I think the saddest thing is that most producers I know, and myself included, have just endless gigabytes of work that’s just sitting on hard drives that never sees the light of day… Finishing stuff is an art.
Now, you once said in a 2011 interview that you like to think in colours when you write music and beats. I was wondering if –
Man, you have done some great research. I love hearing these quotes come back, I’m like, “Oh yeah,” I mean it’s true.
I was just wondering if you’d say that you have synesthesia?
I don’t know, I don’t think so. I mean, I think conceptually and sensually, but I don’t know if I have… I’d like to think that I have synesthetic moments where I can dive into a mix or into a sound and feel the light and shade of it. But I mean, I think there’s a lot of people who would say they have synesthesia. Maybe it’s not as mysterious as that, but then maybe it is. I mean, it’s just one of those things where music is another language. And I think like all languages, you speak it consciously, but also you tap into subconscious things. And one of the ways to help me discuss that with other musicians is colours or film references, hence the name Film School, in fact.

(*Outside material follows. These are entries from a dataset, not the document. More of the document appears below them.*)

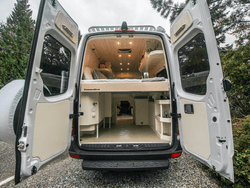 RV with its own cooling system RV with its own cooling system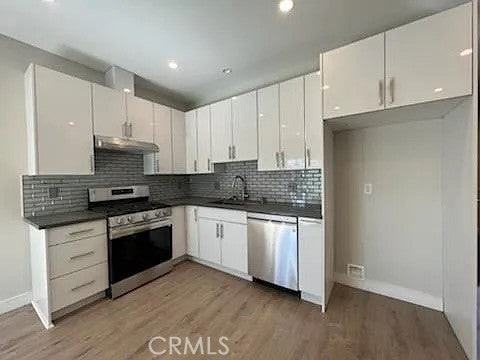 9160 Morehart Ave - Photo 4 of 21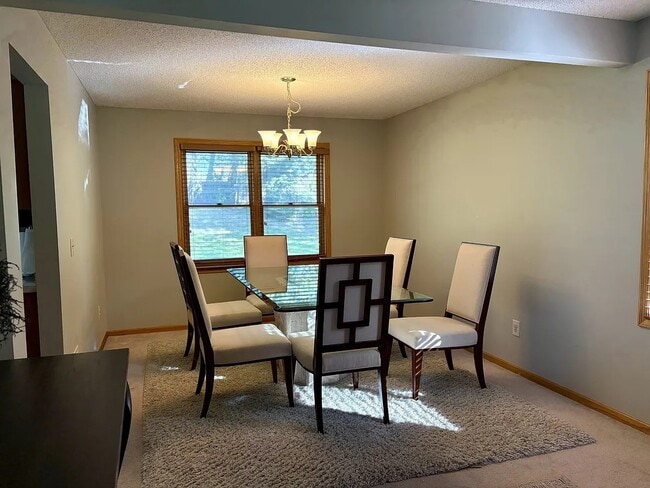 Building Photo - 16842 Hanover Ln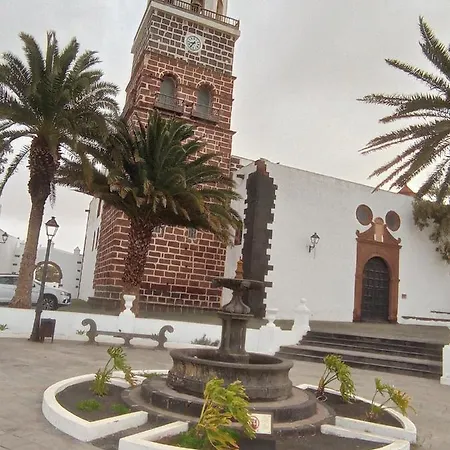 Precioso Con Terraza En Teguise Apartment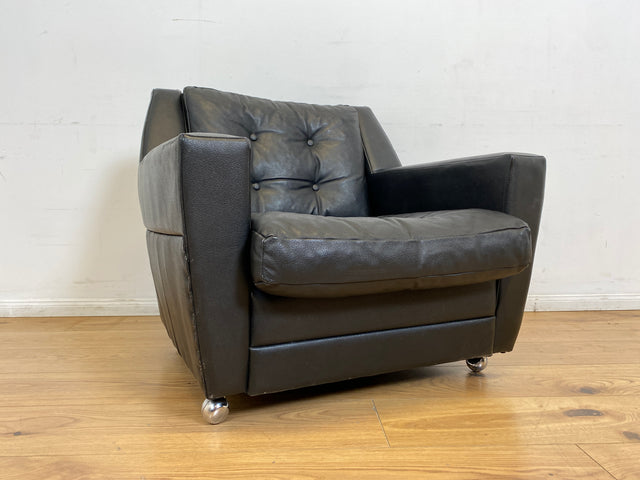 WMK # 1/4 Stilvoller & gut erhaltener 70er Jahre Sessel auf Rollen mit gestepptem schwarzem Skai Bezug # Armchair Ledersessel Clubsessel Sitzgarnitur Kunstleder Leder Retro Vintage Berlin Hamburg 60er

I hear you got quite into guitar pedals last year?
Absolutely. Yeah, I did… Actually, it became somewhat problematic. During lockdown, I was getting packages delivered to my doorstep and sometimes I didn’t even remember ordering them. I was in a frenzy. And because again, I was staying up quite late and Lua was sleeping on my chest… I would be on my computer sometimes and I’d just be like, “Oh, that pedal looks so weird, I’ve got to get it.” I bought a weird spring reverb from Adelaide two days ago, which sometimes I get weird buyer’s remorse afterwards. I buy it, then I’m like, “Do I really need that?” But then it arrives and I’m always like, “Yes, I’m so glad I bought that.”

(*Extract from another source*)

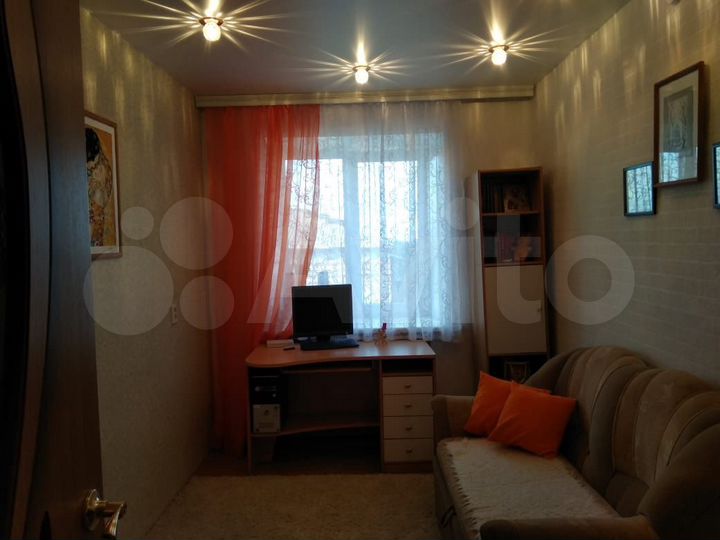 2-к. квартира, 35 м², 4/4 эт.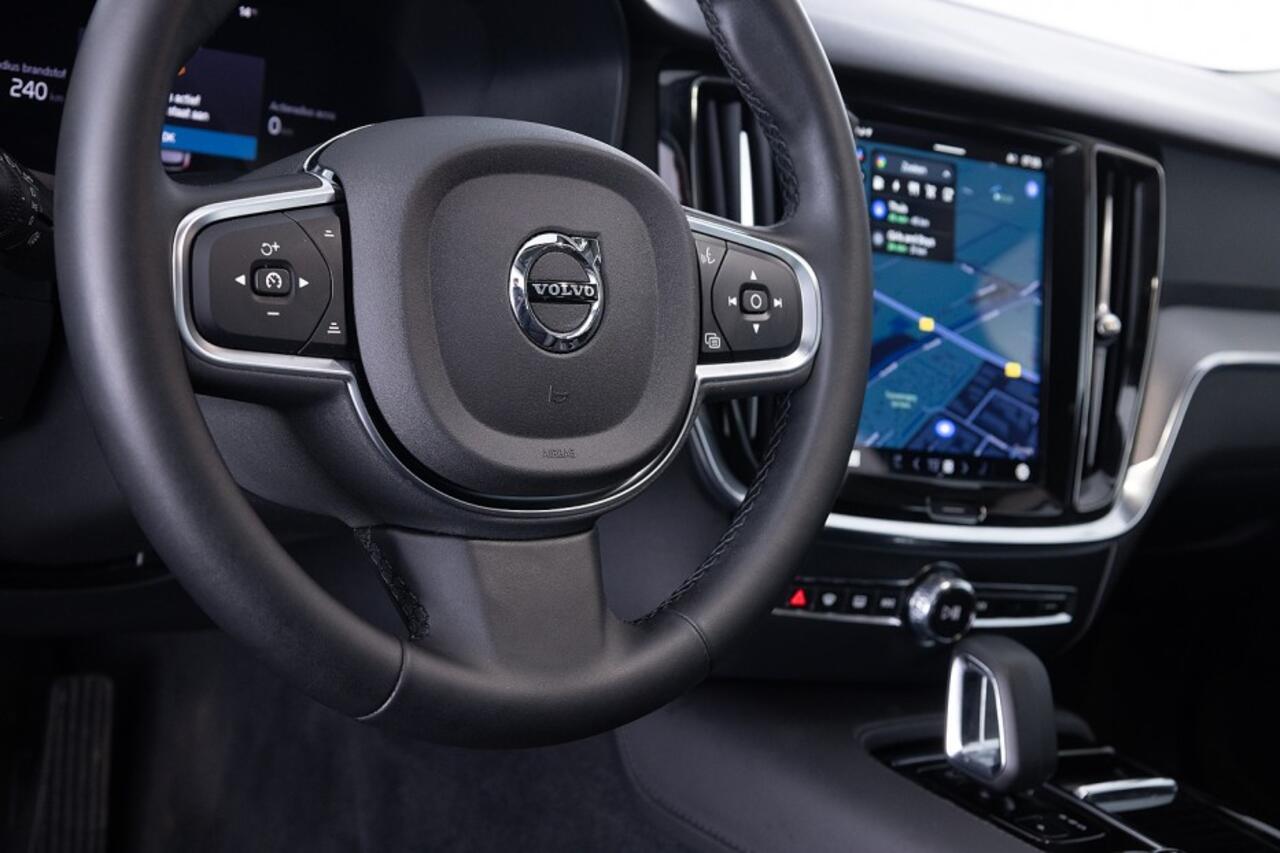 Volvo V60 2.0 T6 Plug-in hybrid AWD Core Bright ? 1e Eigenaar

During lockdown, I was getting packages delivered to my doorstep and sometimes I didn’t even remember ordering them.
One of the themes of Film School, as you mentioned at the top of the interview, is Asian ghost stories. I was wondering if you’ve ever had any personal experiences with the paranormal? Or if you’ve heard any super scary stories that you’d like to share?
Actually, when I was about 20, I hitchhiked from Sydney to Byron Bay, and then from Byron Bay back down to a town called Elands, which is close to a town called Wingham, which is close to a town called Taree, which is about halfway between Sydney and Byron. Anyway, I got dropped off in Wingham at about 3:00 AM. That was a weird hitch, to begin with, because it was with a guy who was going back to an army base and he was a pretty scary dude, actually. Anyway, he dropped me off in Wingham at 3:00 AM and I’ve walked to the edge of town and I basically slept on a golf course. I thought, oh I’ll sleep until the sun comes up and then I’ll hitch up to Elands… My bag is my pillow and I’ll catch a couple of hours. Anyway, I woke up in a state, it’s a state called hypnagogia. It’s where your brain has disengaged from your body, but your brain wakes up. Basically, you become conscious again, but you can’t move your body because you’ve gone into a sleep state and so you feel quite frozen and it can be quite horrifying. I had a sense of another presence on top of my chest. I was super scared because I was by myself on a golf course in a small town, and I started freaking out. But also I was sort of half asleep so I just remember this really vivid moment of feeling trapped, but also feeling like there’s nothing you can really do. So I remember in my mind going, “Whatever’s going on or if there’s any other energy here, I mean you no harm and I’m just here to sleep until the morning and then I’m going again.”
I had a sense of another presence on top of my chest. I was super scared because I was by myself on a golf course in a small town, and I started freaking out.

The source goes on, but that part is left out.